* [Exercise instructions]:
Could the entries below be reproduced exactly, with the images removed?

* [Dataset entries]:
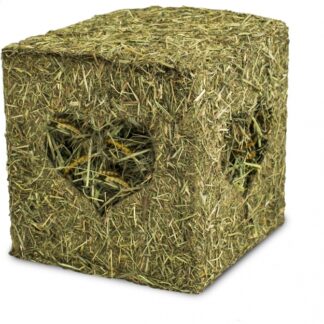 Der natürliche Heu-Würfel ist ein hochwertiges Ergänzungsfuttermittel, das speziell für Mäuse, Ratten und Hamster entwickelt wurde. Gefüllt mit aromatischem Bergwiesenheu und knackigen Mehlwürmern, bietet er eine wertvolle Proteinquelle für Ihre kleinen Haustiere. Die Füllung aus eigenem Bergwiesenheu enthält einen hohen Rohfasergehalt, der den physiologischen Zahnabrieb der lebenslang wachsenden Nagezähne unterstützt. Dieser voll fressbare Heu-Würfel kann einfach wiederbefüllt werden und sorgt so für stundenlangen Knabberspaß. Dank der Verarbeitung ausschließlich natürlicher Rohstoffe ist der gesamte Heu-Würfel bedenkenlos verzehrbar – ideal für granivore Heimtiere. Größe: 12 x 12 x 12 cm, Gewicht: 125 g. Verwenden Sie den Heu-Würfel bitte nur unter Aufsicht, um das Wohlbefinden Ihrer Tiere zu gewährleisten.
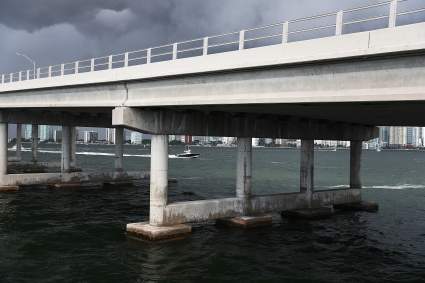 Policía héroe de Florida evita suicidio desde un puente y es viral – Video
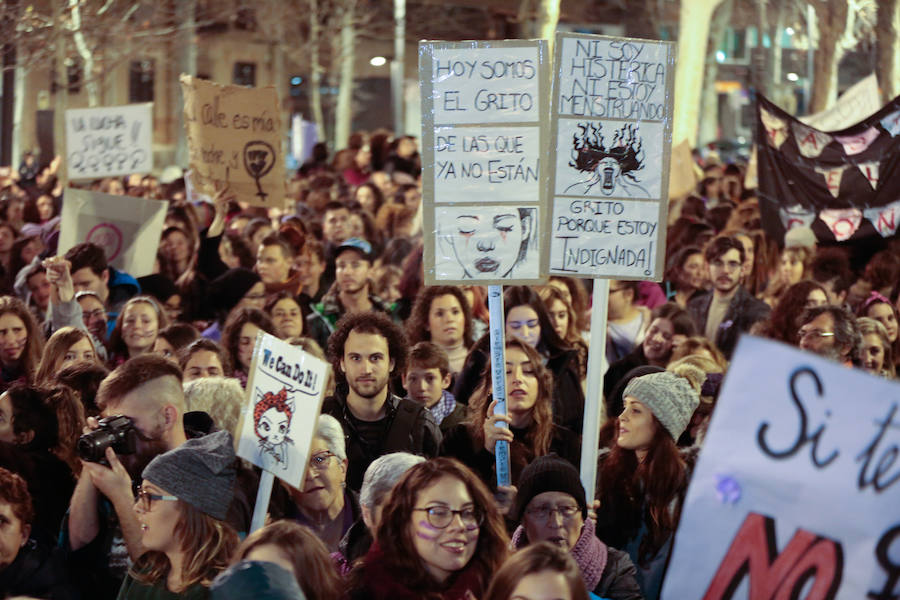 La multitudinaria manifestación del 8M en Granada dejó preciosas imágenes para el recuerdo a partir de las seis de la tarde. 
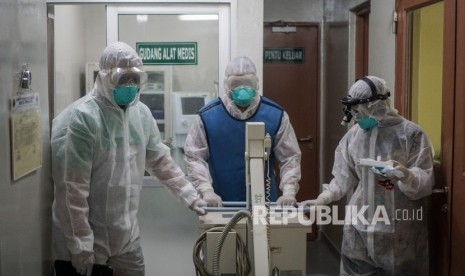 Tim medis melakukan pemeriksaan terhadap seorang pasien pada kegiatan simulasi penanganan virus Corona di RSUD Dr. Moewardi, Solo, Jawa Tengah, Jumat (31/1/2020).(Antara/Mohammad Ayudha)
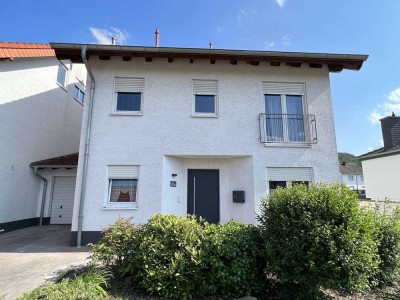 zentral gelegenes Reihenendhaus in 66892 Bruchmühlbach mit eingezäuntem Grundstück & Garage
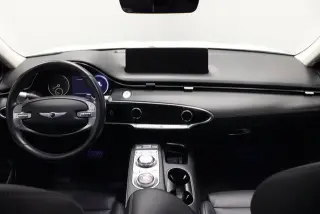 Genesis GV70 2025 AWD 2.5T Estándar 4p SUV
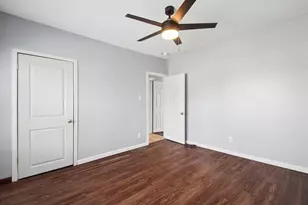1677 Genessee Ave, Columbus, OH 43211 - Photo 14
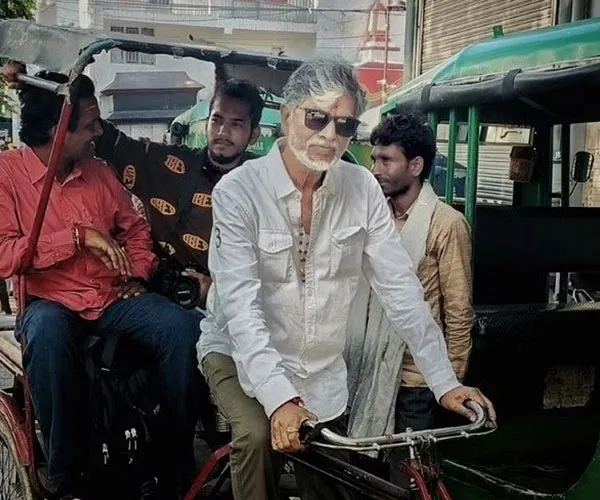 Vijay father sa chandrasekar drived cycle rickshaw Haridwar photos goes viral 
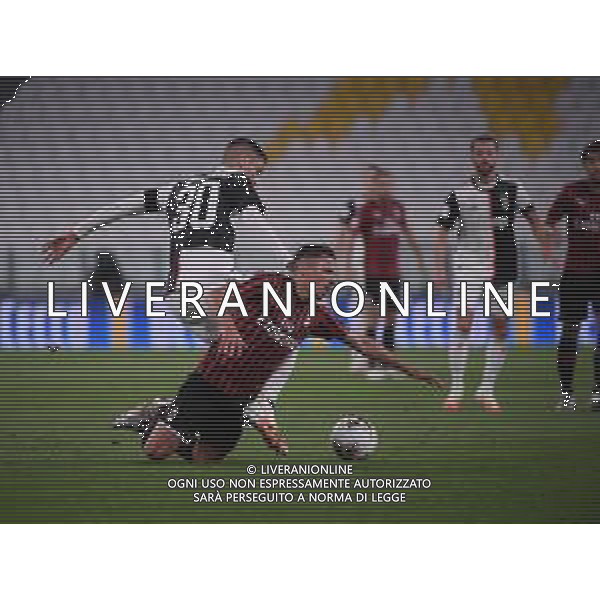 Juventus - Milan Semifinale ritorno Coppa Italia Tim Cup Juventus Stadium Torino 12.06.2020 - partita giocata a porte chiuse emergenza coronavirus Nella foto rodrigo bentancur e ismael bennacer ©Agenzia Aldo Liverani Sas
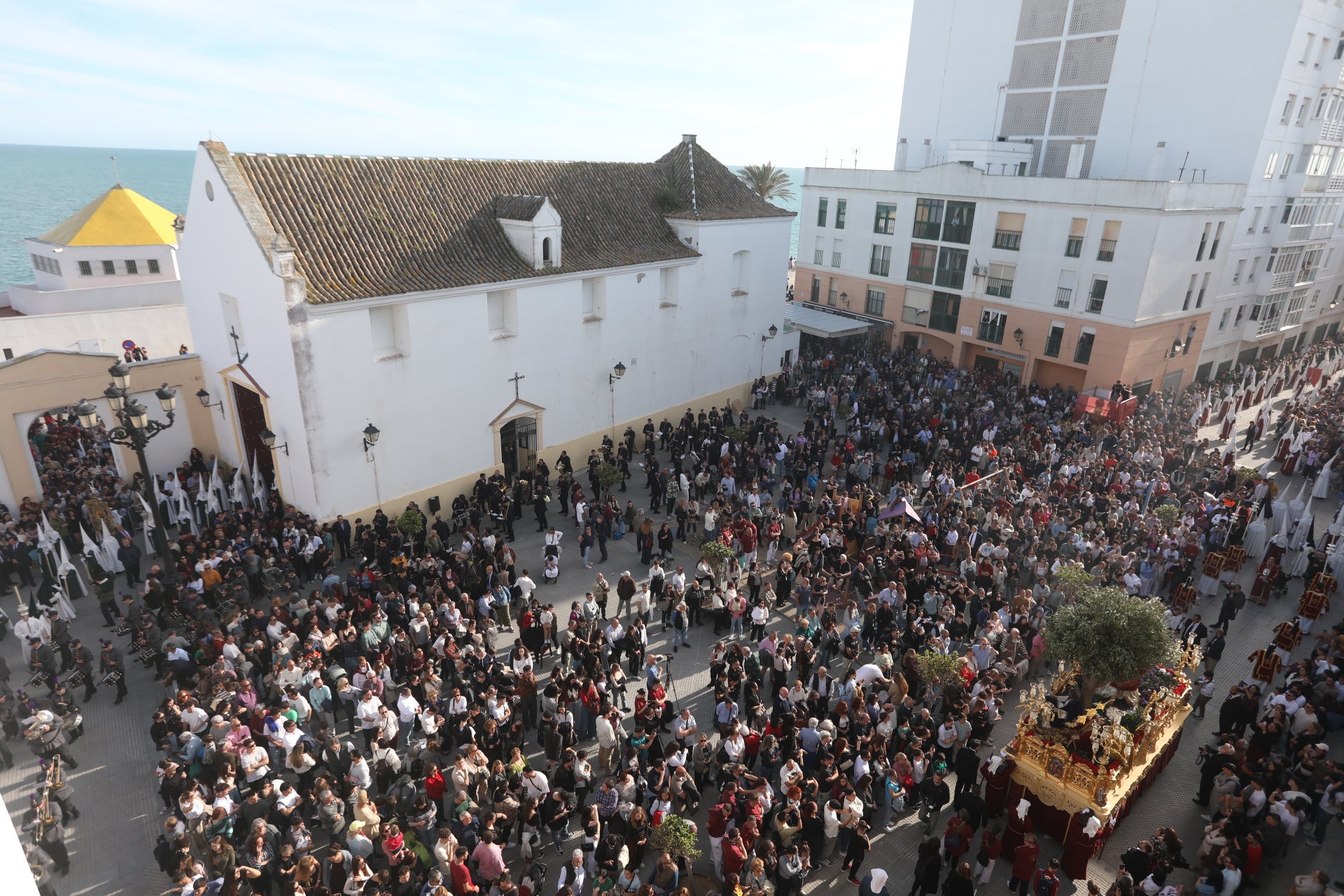 Las imágenes de la cofradía de El Huerto, el Jueves Santo en Cádiz | Semana Santa 2025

* [Reply]:
 Der natürliche Heu-Würfel ist ein hochwertiges Ergänzungsfuttermittel, das speziell für Mäuse, Ratten und Hamster entwickelt wurde. Gefüllt mit aromatischem Bergwiesenheu und knackigen Mehlwürmern, bietet er eine wertvolle Proteinquelle für Ihre kleinen Haustiere. Die Füllung aus eigenem Bergwiesenheu enthält einen hohen Rohfasergehalt, der den physiologischen Zahnabrieb der lebenslang wachsenden Nagezähne unterstützt. Dieser voll fressbare Heu-Würfel kann einfach wiederbefüllt werden und sorgt so für stundenlangen Knabberspaß. Dank der Verarbeitung ausschließlich natürlicher Rohstoffe ist der gesamte Heu-Würfel bedenkenlos verzehrbar – ideal für granivore Heimtiere. Größe: 12 x 12 x 12 cm, Gewicht: 125 g. Verwenden Sie den Heu-Würfel bitte nur unter Aufsicht, um das Wohlbefinden Ihrer Tiere zu gewährleisten.
 Policía héroe de Florida evita suicidio desde un puente y es viral – Video
 La multitudinaria manifestación del 8M en Granada dejó preciosas imágenes para el recuerdo a partir de las seis de la tarde. 
 Tim medis melakukan pemeriksaan terhadap seorang pasien pada kegiatan simulasi penanganan virus Corona di RSUD Dr. Moewardi, Solo, Jawa Tengah, Jumat (31/1/2020).(Antara/Mohammad Ayudha)
 zentral gelegenes Reihenendhaus in 66892 Bruchmühlbach mit eingezäuntem Grundstück & Garage
 Genesis GV70 2025 AWD 2.5T Estándar 4p SUV
1677 Genessee Ave, Columbus, OH 43211 - Photo 14
 Vijay father sa chandrasekar drived cycle rickshaw Haridwar photos goes viral 
 Juventus - Milan Semifinale ritorno Coppa Italia Tim Cup Juventus Stadium Torino 12.06.2020 - partita giocata a porte chiuse emergenza coronavirus Nella foto rodrigo bentancur e ismael bennacer ©Agenzia Aldo Liverani Sas
 Las imágenes de la cofradía de El Huerto, el Jueves Santo en Cádiz | Semana Santa 2025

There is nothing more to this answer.